[Dataset excerpts]

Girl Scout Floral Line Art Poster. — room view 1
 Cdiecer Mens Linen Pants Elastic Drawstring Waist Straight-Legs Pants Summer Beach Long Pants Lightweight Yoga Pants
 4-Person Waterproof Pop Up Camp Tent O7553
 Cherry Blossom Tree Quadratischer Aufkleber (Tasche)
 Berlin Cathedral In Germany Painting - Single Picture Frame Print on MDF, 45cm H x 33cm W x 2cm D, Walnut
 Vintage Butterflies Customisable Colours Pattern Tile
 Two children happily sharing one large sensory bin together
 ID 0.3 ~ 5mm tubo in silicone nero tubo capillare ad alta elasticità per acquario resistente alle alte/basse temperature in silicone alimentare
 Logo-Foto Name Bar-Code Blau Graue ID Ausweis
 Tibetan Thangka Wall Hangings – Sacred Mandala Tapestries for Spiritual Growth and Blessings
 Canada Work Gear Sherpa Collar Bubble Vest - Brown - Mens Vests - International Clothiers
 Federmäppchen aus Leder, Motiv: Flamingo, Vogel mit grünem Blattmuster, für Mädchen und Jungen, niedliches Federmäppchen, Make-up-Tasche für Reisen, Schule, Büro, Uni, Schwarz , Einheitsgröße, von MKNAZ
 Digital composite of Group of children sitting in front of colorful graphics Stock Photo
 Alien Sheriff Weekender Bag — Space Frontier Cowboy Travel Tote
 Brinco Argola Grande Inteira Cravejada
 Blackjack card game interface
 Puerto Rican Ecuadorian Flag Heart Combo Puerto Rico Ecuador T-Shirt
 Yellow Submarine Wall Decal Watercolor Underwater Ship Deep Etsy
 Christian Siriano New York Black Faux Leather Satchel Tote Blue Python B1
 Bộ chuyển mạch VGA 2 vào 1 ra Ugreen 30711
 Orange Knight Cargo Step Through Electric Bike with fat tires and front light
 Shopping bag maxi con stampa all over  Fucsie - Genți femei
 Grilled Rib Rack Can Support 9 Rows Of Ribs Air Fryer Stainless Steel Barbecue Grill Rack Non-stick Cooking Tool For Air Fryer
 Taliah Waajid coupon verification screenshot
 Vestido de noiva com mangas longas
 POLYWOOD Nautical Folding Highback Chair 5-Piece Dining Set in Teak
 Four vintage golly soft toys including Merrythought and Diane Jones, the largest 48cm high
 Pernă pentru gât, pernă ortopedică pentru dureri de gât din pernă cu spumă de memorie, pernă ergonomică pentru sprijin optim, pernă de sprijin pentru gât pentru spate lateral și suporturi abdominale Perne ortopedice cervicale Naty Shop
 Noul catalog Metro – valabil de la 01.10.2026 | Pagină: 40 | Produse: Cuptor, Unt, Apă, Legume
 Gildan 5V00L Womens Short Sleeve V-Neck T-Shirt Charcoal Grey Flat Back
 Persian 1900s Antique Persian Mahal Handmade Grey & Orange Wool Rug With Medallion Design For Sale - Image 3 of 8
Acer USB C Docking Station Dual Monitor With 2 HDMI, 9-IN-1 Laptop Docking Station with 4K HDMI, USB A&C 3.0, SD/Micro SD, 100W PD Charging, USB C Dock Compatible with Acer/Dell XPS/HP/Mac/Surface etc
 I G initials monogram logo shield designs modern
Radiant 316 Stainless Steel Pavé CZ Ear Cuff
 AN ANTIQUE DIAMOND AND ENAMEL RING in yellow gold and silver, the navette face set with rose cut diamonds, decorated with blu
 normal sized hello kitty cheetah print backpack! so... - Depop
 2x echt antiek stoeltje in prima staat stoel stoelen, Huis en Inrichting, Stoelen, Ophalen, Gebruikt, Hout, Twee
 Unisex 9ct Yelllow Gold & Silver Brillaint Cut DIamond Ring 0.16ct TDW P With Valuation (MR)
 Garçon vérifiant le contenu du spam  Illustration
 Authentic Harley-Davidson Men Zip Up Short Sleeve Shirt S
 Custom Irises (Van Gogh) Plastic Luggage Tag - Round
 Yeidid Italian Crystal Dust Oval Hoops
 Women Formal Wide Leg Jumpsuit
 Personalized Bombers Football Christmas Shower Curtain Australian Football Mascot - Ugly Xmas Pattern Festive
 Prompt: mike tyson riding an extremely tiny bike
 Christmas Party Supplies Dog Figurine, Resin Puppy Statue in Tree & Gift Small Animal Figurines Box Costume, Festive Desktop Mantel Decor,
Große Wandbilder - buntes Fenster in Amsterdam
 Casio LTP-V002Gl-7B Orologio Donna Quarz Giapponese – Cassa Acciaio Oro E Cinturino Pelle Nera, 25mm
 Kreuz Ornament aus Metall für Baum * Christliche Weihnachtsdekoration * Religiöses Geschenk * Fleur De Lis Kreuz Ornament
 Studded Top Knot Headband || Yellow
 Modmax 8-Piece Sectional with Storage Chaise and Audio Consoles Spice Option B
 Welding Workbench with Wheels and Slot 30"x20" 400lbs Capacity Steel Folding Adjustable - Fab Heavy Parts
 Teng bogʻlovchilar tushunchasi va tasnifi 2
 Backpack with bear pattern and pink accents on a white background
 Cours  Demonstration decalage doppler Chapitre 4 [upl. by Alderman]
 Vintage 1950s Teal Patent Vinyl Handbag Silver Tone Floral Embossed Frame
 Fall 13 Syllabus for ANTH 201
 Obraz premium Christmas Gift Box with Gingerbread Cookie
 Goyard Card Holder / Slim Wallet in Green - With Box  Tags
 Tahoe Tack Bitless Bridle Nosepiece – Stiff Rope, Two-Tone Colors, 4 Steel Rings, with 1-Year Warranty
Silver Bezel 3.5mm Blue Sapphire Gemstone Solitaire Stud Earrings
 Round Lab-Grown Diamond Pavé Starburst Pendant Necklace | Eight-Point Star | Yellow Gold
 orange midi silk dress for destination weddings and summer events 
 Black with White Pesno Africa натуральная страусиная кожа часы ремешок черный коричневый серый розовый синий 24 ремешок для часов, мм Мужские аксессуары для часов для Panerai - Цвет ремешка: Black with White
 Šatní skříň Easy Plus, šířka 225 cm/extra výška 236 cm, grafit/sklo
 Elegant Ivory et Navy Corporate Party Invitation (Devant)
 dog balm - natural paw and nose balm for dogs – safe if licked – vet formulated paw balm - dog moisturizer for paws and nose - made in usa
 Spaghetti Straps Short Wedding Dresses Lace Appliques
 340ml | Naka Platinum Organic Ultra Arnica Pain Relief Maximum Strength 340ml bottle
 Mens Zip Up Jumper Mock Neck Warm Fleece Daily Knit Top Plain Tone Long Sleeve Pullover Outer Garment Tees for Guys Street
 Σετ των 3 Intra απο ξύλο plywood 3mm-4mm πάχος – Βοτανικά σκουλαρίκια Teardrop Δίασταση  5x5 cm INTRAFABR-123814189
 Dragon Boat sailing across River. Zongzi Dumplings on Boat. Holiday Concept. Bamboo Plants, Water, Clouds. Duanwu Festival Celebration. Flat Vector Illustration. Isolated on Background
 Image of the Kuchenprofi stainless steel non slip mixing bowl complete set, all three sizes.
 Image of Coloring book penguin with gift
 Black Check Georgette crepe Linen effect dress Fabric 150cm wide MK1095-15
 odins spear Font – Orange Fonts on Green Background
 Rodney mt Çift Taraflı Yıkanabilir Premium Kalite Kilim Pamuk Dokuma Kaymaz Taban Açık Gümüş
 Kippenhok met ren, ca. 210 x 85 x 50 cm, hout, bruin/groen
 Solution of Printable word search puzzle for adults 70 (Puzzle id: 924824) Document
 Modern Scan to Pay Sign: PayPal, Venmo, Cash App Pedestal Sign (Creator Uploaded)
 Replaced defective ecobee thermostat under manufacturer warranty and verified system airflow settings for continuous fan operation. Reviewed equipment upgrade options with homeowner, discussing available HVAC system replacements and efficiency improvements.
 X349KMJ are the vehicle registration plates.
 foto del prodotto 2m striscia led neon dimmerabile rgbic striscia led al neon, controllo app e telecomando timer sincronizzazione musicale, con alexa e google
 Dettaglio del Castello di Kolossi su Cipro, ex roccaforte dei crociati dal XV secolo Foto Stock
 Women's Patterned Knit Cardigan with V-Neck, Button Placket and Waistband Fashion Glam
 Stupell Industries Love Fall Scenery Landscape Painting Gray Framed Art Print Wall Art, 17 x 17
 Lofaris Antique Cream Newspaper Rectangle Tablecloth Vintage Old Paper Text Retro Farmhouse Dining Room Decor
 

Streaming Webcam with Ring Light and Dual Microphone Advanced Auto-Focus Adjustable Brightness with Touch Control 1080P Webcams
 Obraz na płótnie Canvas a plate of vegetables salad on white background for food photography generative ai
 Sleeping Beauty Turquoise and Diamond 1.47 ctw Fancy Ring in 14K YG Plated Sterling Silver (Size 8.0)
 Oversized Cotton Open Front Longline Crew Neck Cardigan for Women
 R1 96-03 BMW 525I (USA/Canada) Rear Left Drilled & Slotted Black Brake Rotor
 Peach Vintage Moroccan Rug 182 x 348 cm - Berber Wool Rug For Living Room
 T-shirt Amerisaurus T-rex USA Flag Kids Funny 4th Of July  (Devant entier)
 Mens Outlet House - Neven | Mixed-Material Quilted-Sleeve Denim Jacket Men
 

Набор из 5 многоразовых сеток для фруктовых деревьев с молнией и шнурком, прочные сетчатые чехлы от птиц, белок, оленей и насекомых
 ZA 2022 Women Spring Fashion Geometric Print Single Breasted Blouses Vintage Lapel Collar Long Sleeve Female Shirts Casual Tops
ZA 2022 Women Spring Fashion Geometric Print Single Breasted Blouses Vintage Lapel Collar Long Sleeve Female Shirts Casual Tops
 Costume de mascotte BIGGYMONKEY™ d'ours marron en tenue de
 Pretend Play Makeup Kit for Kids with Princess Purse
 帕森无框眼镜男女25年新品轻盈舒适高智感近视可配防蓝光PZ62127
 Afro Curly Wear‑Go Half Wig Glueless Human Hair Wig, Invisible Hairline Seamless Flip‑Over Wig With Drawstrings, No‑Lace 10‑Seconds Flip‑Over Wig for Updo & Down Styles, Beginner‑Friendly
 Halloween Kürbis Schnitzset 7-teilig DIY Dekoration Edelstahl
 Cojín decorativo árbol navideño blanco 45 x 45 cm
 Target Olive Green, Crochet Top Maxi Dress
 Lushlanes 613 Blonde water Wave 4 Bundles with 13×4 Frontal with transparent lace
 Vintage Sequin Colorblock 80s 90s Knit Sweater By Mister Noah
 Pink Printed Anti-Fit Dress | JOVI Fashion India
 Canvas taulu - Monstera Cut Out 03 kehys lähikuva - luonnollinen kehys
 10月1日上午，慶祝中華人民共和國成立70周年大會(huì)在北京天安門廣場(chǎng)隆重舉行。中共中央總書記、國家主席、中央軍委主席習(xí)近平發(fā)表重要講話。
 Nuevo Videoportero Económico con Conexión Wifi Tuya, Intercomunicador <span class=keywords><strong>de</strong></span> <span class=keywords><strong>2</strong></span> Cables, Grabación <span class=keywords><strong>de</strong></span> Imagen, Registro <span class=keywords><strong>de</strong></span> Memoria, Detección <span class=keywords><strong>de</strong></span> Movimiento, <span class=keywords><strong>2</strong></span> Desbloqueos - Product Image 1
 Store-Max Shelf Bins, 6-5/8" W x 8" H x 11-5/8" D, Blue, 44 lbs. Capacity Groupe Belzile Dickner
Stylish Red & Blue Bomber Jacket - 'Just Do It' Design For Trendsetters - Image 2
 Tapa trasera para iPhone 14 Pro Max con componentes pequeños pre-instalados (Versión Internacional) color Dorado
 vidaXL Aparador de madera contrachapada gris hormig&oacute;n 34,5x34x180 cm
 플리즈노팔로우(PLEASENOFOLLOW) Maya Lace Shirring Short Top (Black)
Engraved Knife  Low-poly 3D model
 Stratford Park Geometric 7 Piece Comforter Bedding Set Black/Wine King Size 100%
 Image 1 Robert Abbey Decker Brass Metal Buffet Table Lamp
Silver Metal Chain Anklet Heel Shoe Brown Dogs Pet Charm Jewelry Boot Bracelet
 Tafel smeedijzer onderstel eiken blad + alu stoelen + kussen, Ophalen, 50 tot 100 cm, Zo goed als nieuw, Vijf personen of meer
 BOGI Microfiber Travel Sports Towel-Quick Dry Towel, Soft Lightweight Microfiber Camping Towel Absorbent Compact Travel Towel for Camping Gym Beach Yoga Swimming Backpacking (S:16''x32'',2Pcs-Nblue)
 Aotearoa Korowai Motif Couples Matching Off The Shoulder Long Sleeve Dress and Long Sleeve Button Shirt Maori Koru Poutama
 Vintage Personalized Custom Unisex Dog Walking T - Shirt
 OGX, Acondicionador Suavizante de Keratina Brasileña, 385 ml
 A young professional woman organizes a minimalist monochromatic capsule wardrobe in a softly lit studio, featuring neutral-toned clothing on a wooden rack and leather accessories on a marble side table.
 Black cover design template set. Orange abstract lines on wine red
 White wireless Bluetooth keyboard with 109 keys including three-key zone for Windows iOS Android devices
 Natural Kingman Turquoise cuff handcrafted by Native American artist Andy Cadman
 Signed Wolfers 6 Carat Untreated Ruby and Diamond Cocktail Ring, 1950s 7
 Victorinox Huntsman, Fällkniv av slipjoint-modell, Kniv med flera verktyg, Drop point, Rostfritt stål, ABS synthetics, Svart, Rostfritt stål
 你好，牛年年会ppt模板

[/Dataset excerpts]

Directions for this task:
The reply should consist solely of the lines above from the one that has "Black cover design" through the one that has "Natural Kingman Turquoise", reproduced exactly.

Completed exercise:
 Black cover design template set. Orange abstract lines on wine red
 White wireless Bluetooth keyboard with 109 keys including three-key zone for Windows iOS Android devices
 Natural Kingman Turquoise cuff handcrafted by Native American artist Andy Cadman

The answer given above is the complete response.